Ok then, but why would we need a tree?

Let’s start with the following sequence of jazz chords (section A of “Take the A Train”).

Chord sequence.

In Jazz music chords are connected by a complex system of perceptual relations. For example, the Dm7 is a preparation for the dominant chord G7. This means that the Dm7 is less important than the G7 and it could, for example, be omitted in a different reharmonization. Similarly, the D7 is a secondary dominant (a dominant of a dominant) also referring to G7.

This kind of harmonic relation can be expressed with a tree and can be useful for music analysis or while performing tasks like reharmonization. However, since chords in music pieces are available mostly as a sequence, we want a system which is able to automatically build such a tree structure.

Before continuing we need to differentiate between two kinds of trees.

Musicologist tends to use what is called constituent trees, which you can see in the picture below. Constituent trees contain leaves (chords in blue — elements of the input sequence), and internal nodes (chords in orange — reductions of the children’s leaves).
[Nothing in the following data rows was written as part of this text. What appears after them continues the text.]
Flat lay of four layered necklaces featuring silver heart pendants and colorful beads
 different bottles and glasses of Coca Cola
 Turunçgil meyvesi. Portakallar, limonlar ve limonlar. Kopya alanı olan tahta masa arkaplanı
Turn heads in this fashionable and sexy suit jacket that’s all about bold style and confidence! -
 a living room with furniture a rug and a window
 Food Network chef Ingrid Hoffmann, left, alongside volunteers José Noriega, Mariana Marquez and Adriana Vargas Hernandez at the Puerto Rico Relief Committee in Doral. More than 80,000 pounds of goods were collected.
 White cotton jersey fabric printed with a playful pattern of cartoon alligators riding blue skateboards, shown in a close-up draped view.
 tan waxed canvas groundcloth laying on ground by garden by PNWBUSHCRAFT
In this work instead, we consider another kind of tree, called dependency tree. This kind of tree does not have internal nodes, but only directed arcs connecting the elements of the sequence.

We can produce the dependency tree from the constituent tree, with some algorithms that will be discussed later.

Since this is a data-driven approach, we need a dataset of chord sequences (the input data) associated with a dataset of trees (the ground truth) for training and testing. We use the Jazz Treebank¹ which is publicly available in this GitHub repository (it can be freely used for non-commercial applications, and I obtained the author’s permission to use it in this article). In particular, they provide a JSON file with all chords and annotations.

We model each chord in input to our system, with three features:

  1. The root, an integer in [0..11], where C -> 0, C# ->1, etc…
  2. The basic form, an integer in [0..5], which select among major, minor, augmented, half-diminished, diminished, and suspended (sus).
  3. The extension, an integer in [0,1,2] which selects among 6, minor 7, or major 7.

To produce the chord features from a chord label (a string), we can use a regular expression as follows (note that this code work for this dataset, as the format may vary in other chord datasets).

def parse_chord_label(chord_label):
# Define a regex pattern for chord symbols
pattern = r"([A-G][#b]?)(m|+|%|o|sus)?(6|7|^7)?"
# Match the pattern with the input chord
match = re.match(pattern, chord_label)
if match:
# Extract the root, basic chord form and extension from the match obj
root = match.group(1)
form = match.group(2) or "M"
ext = match.group(3) or ""
return root, form, ext
else:
# Return None if the input is not a valid chord symbol
raise ValueError("Invalid chord symbol: {}".format(chord_label))

Finally, we need to produce the dependency tree. The JHT dataset only contains constituent trees, encoded as a nested dictionary. We import them and transform them into dependency trees with a recursive function. The mechanism of our function can be described as follows.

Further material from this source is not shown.